Di dalam foto itu tidak terlihat jelas wajahnya Charlie, hanya wajahnya Ran yang terlihat jelas.
“Jangan khawatir, kita pasti bisa menyelesaikan masalah ini, Ran.” Charlie membawa Ran ke dalam dekapannya. Ran meluapkan air matanya di dada bidang Charlie.
Dengan sentuhan yang lembut yang diberikan oleh Charlie pada punggungnya membuat tangis Ran mereda. “Aku nggak mau dipermalukan, Lie,” ungkapnya sambil mendongakkan kepala.
“Tidak akan ada yang bisa mempermalukan istriku,” ujar Charlie meyakinkan.
Ran memasang wajah cemberut. “Pernikahan kita hanya karena terpaksa, jangan sebut aku dengan kata istri seperti itu,” ketus Ran.
Charlie terkekeh. “Siapa bilang pernikahan kita terpaksa? Aku melakukan ijab kabul dengan sukarela, bahkan sangat rela untuk menyerahkan diriku menjadi milikmu, Ran.”
“Itu ‘kan kamu, aku mah terpaksa menikah sama orang yang udah tua,” ujar Ran dengan mengaitkan umurnya Charlie.
Umur mereka terpaut 10 tahun. Charlie sekarang berusia 29 tahun, sedangkan Ran masih 19 tahun. Jadi, wajar kalau Ran mengatakan ia menikah dengan orang yang sudah tua.
“Terpaksa menikah, tapi masih nyaman di dalam pelukanku,” sindir Charlie membuat Ran terasadar kalau dirinya masih dalam pelukan Charlie. Dengan segera ia berusaha lepas, tetapi tangan Charlie yang kekar itu mengunci tubuhnya hingga tidak bisa lepas.
“Lepas, Lie!”
“Nggak!” tolak Charlie.
“Lepasin!”
“Ran, kalau kamu mau aku lepasin, kamu jangan batalkan perjanjian kita dan jangan ceritakan tentang aku yang mau menikah denganmu itu kepada papamu,” ujar Charlie membuat Ran mengerjap-ngerjapkan matanya.

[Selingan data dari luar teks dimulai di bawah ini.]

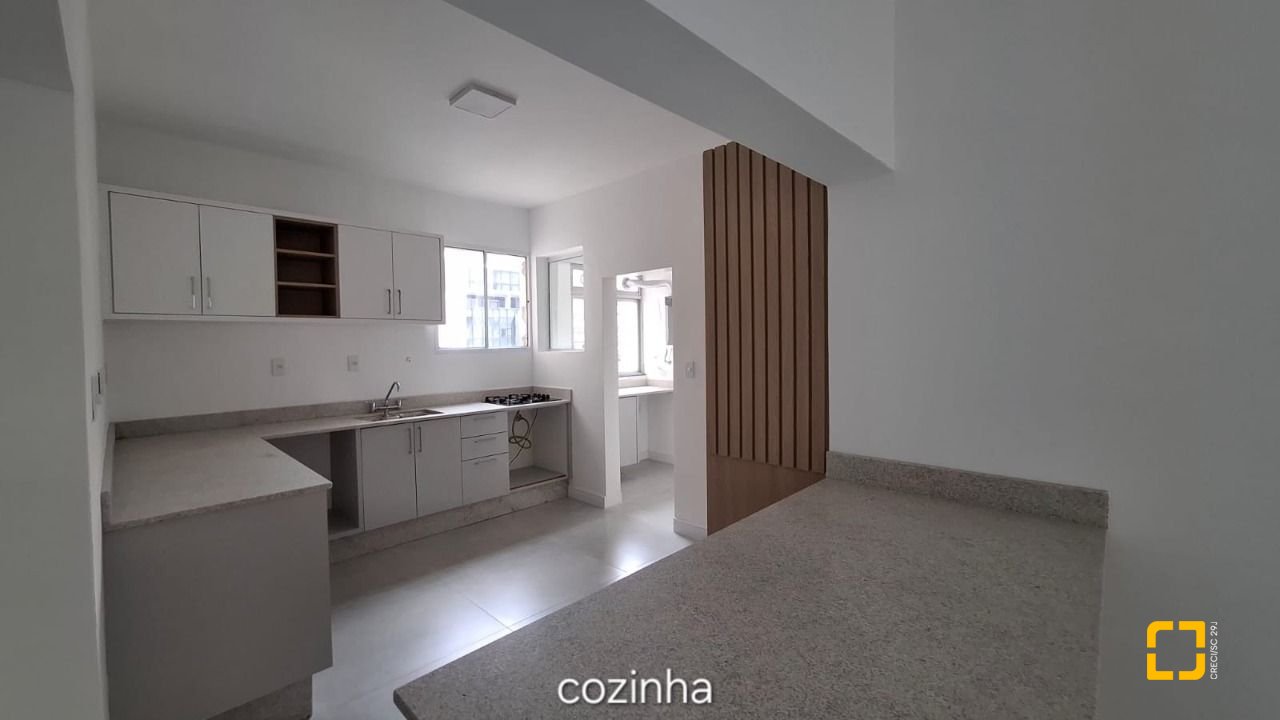 Apartamento com 87m², 3 quartos (sendo 1 suíte), 1 garagem, no bairro Centro em Florianópolis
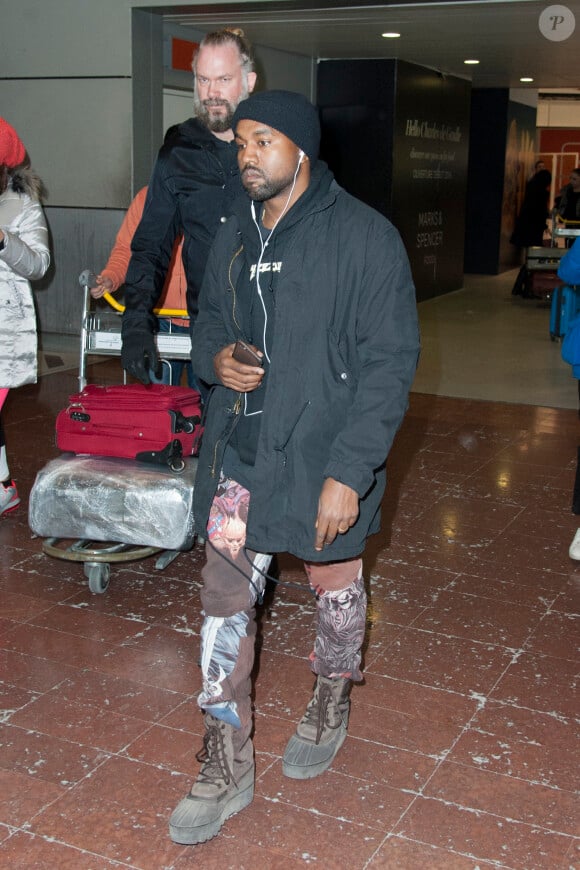 Kanye West arrive à l'aéroport Roissy Charles-de-Gaulle, en provenance de Los Angeles le 18 février 2016 © Perusseau / Bestimage.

“Kamu kenapa? Kelilipan?” tanya Charlie melihat reaksi Ran yang aneh.
“Nggak kok. Cuma merasa kalau kamu takut kita akan berpisah setelah aku menceritakannya pada Papa. Benarkan kamu takut kita cerai?”
Charlie diam, tidak memberikan jawaban.
“Kalau aku bilang aku sangat ingin berce—”
“Ran, aku nggak akan menceraikan kamu. Aku nggak bisa melihat kamu berada dalam bahaya lagi. Jika aku bisa bersama denganmu setiap hari, aku akan melindungimu meski itu mempertaruhkan nyawaku sendiri. Aku bersedia melakukan apa pun untukmu asal jangan pernah meminta pisah denganku!”
Ran tidak menyangka dengan kata-kata yang Charlie lontarkan. Matanya menatap lekat wajah Charlie dan sesuatu yang aneh ia rasakan pada dadanya. Detak jantungnya berdetak cepat dan perasaannya menjadi tidak karuan.
“Di rumah kamu adalah istriku dan di luar kamu tetap jadi dirimu yang dulu. Aku tidak akan melarang kamu bertemu dengan teman-temanmu, tetapi batasi hubungan dengan laki-laki lain untuk hal yang tidak perlu,” ujar Charlie, lalu melepaskan Ran. Pria itu kembali masuk ke kamar mandi dan lanjut untuk mandi.
***
Ran berdiri di balkon sambil merenungi kata-kata yang Charlie katakan. Terlebih lagi, yang ia khawatirkan adalah orang yang mengirimkan foto padanya itu, cepat atau lambat akan membuat foto tersebut viral.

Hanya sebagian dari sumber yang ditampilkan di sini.